(Data for this exercise begins)
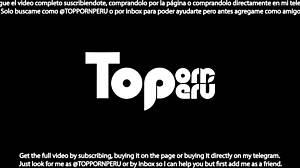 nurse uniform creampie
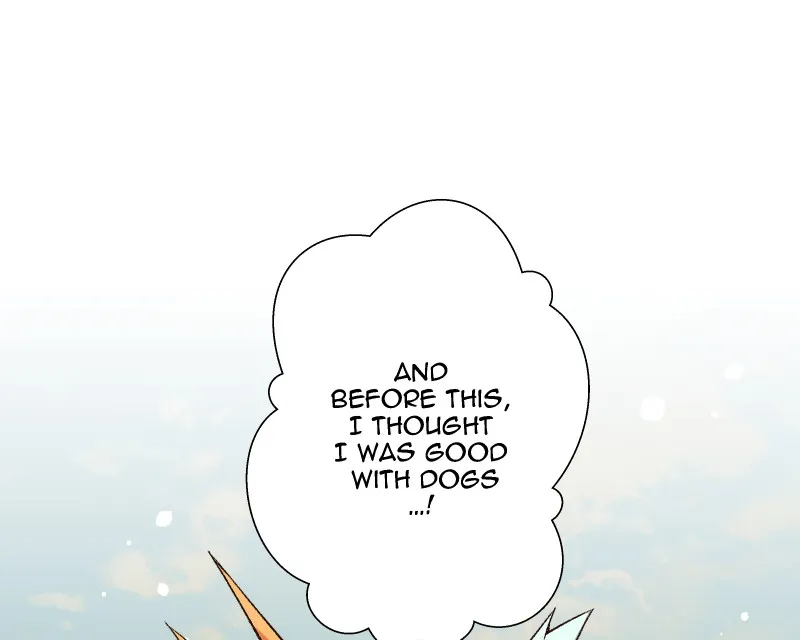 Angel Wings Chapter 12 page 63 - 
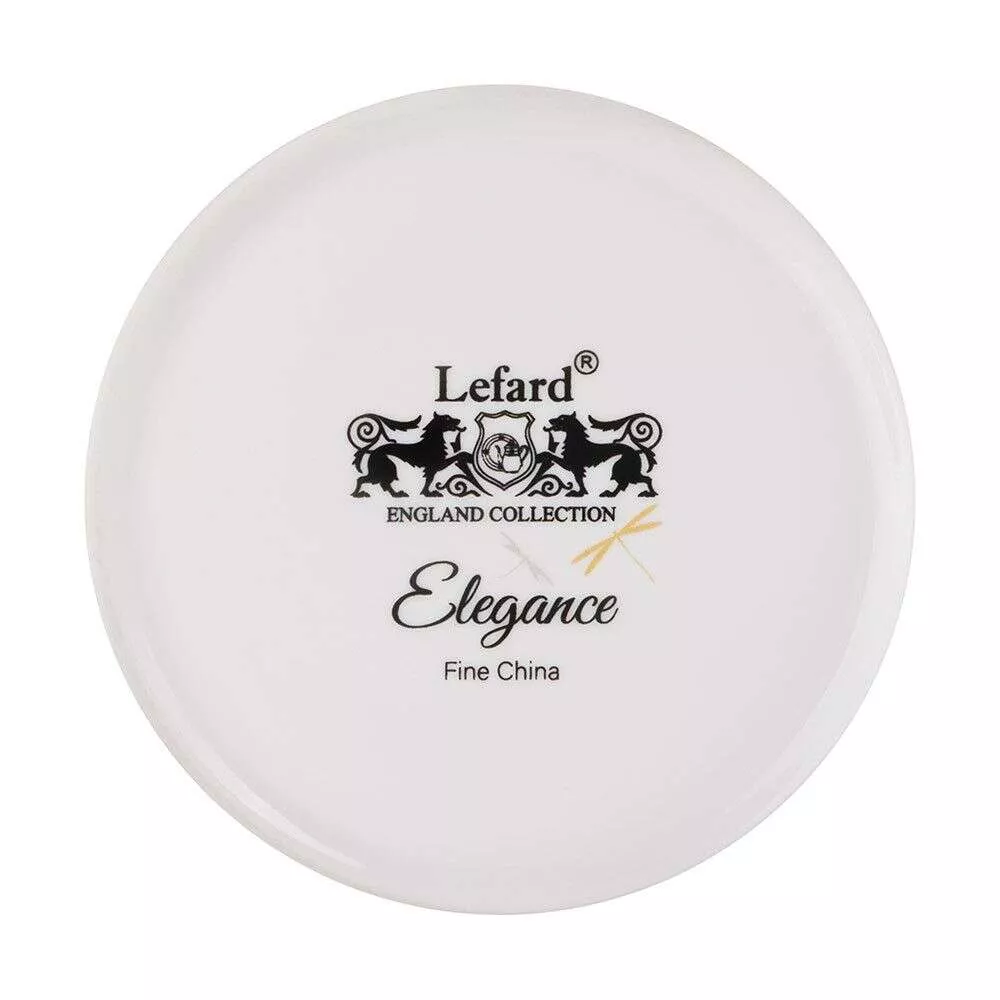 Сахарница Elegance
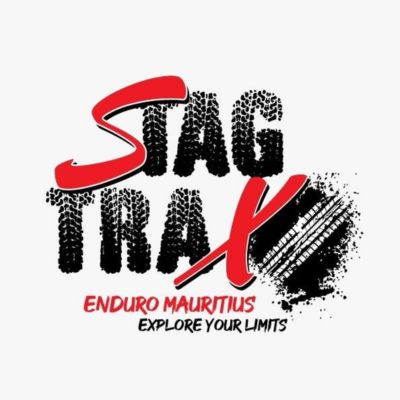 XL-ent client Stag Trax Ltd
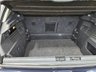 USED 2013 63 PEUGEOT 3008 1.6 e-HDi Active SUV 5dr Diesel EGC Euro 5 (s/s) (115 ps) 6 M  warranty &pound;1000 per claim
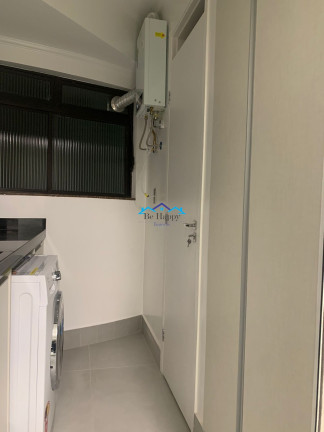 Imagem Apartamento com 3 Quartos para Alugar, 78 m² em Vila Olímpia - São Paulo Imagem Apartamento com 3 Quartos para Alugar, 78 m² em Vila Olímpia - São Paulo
(Data for this exercise ends)
■ **Task requirements**
The required output is every line of the data above, set down exactly and stripped of pictures.

■ **Answer area**
 nurse uniform creampie
 Angel Wings Chapter 12 page 63 - 
 Сахарница Elegance
 XL-ent client Stag Trax Ltd
 USED 2013 63 PEUGEOT 3008 1.6 e-HDi Active SUV 5dr Diesel EGC Euro 5 (s/s) (115 ps) 6 M  warranty &pound;1000 per claim
 Imagem Apartamento com 3 Quartos para Alugar, 78 m² em Vila Olímpia - São Paulo Imagem Apartamento com 3 Quartos para Alugar, 78 m² em Vila Olímpia - São Paulo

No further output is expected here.